Thursday, March 22, 2012 | 2:01 a.m.
The initial strikes on and invasion of Afghanistan had clear objectives. We had just endured the 9/11 tragic devastation and were targeting the home base of the Taliban political and terrorist refuge, and the al Qaida brain trust who perpetrated the 9/11 attacks. Initial American objectives were achieved. The Taliban was driven from power. Al Qaida and its leaders were driven from Afghanistan. We witnessed satisfying results, including a return of human rights which had been brutally repressed under Taliban rule. These were welcome accomplishments and results.
But after these initial successes, something went astray.
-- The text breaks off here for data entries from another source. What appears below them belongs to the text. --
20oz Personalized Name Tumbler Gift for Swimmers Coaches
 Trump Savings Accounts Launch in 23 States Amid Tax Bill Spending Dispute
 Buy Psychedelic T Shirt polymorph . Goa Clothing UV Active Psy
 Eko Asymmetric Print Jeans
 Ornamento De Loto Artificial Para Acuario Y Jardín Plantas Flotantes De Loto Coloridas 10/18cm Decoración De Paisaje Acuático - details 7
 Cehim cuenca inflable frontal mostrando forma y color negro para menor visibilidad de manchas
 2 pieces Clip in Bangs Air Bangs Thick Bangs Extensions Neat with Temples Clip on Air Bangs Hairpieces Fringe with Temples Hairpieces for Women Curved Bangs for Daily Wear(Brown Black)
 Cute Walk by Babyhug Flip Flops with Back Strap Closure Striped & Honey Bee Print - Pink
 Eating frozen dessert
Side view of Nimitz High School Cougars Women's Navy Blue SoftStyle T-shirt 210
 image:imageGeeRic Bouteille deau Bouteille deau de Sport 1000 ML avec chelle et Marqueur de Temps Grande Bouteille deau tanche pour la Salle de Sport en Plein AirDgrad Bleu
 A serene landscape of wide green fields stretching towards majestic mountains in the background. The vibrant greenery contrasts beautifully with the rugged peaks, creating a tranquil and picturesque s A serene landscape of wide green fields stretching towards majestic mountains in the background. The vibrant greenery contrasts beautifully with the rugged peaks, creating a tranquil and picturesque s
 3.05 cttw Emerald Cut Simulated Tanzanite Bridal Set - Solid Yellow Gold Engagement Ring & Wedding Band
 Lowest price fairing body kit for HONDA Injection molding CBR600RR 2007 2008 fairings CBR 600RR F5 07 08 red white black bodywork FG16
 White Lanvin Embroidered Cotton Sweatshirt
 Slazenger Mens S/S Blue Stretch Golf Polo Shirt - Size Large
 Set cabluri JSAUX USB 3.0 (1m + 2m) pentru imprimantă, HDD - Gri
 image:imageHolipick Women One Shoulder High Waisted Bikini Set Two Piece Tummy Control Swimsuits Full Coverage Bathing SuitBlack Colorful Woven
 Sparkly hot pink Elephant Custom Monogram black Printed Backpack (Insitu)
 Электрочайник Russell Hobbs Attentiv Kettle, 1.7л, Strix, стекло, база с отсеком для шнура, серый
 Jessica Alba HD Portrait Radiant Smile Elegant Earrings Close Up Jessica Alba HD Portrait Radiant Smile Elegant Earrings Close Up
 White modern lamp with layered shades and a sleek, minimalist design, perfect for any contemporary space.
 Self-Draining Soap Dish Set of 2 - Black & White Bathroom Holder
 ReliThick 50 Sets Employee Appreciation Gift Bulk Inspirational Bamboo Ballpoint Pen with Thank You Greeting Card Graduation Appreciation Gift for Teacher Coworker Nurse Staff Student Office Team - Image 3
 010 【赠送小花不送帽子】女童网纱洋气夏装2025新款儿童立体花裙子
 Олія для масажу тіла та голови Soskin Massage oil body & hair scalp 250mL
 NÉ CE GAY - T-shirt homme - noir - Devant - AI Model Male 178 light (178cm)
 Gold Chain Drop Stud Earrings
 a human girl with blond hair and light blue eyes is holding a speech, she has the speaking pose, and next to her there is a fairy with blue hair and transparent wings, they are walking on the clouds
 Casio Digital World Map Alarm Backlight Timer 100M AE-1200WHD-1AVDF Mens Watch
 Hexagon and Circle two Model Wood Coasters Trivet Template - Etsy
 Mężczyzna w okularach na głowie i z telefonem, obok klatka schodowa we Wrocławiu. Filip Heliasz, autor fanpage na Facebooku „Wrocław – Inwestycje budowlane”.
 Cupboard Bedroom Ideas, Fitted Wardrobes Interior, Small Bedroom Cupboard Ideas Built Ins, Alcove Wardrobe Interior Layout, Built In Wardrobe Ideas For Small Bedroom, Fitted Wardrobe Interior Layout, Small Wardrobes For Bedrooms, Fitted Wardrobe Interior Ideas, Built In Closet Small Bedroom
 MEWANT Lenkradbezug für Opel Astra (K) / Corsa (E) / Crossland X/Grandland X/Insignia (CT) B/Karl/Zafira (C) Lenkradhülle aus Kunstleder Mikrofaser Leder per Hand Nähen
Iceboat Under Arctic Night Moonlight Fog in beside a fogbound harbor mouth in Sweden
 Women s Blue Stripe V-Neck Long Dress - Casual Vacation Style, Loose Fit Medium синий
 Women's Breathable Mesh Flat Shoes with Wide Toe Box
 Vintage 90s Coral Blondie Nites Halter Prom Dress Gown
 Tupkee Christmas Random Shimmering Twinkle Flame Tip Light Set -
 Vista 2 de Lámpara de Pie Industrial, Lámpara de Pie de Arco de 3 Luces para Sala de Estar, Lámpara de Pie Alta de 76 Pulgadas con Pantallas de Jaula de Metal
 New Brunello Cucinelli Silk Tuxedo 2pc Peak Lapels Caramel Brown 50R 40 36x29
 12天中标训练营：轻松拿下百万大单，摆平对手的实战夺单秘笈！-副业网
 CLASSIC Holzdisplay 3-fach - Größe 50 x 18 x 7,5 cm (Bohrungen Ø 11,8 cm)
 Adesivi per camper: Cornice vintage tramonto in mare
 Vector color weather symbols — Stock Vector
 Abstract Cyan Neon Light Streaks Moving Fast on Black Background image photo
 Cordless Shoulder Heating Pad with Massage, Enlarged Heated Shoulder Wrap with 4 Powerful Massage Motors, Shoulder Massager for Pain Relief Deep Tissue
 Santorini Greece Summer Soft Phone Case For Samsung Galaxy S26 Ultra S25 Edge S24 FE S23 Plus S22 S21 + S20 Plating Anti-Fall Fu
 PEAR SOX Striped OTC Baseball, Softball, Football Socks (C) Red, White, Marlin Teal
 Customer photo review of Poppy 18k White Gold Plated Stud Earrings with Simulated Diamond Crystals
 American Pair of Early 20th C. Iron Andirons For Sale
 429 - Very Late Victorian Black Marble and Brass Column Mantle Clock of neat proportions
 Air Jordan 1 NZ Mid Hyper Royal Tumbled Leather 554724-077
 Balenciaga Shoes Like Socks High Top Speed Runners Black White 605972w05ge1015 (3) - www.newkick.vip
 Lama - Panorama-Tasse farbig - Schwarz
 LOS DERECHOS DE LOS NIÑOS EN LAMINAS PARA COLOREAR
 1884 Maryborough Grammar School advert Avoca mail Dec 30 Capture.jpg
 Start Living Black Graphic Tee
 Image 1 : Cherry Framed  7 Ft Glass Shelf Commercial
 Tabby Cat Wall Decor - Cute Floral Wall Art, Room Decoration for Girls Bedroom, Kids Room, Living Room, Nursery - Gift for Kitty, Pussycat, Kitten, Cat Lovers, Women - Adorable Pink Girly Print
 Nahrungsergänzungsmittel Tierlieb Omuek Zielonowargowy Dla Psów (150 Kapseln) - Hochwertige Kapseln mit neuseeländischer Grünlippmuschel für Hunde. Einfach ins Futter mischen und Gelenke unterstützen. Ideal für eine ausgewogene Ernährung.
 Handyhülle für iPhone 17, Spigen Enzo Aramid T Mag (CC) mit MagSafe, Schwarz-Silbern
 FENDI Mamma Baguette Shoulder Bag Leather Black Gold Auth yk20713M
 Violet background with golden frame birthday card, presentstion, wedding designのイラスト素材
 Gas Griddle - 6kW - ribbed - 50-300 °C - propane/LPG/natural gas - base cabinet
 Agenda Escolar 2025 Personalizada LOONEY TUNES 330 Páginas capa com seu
American planners took their eye off the ball in Afghanistan, the invasion of Iraq being a major distraction, and in the blink of an eye, a major Taliban resurgence ensued.
After those initial victories, we might have gathered up our military assets and departed as victors. However, we did not. For one thing, Osama bin Laden was still alive. We now have another window of opportunity to leave. We should be more convinced than ever, particularly after the Quran burning episode accompanied by killings of innocent Americans, and the mass killings of innocent Afghan civilians.
Furthermore, the Taliban is an embedded political and cultural reality in Afghanistan that is generally devoid of institutional systems required for governing, and our future is not as bright in Afghanistan as our past achievements have been. Based on these perceptions, it is time for NATO forces to ramp down and return home. The marginal benefits of returning home now exceed those of remaining.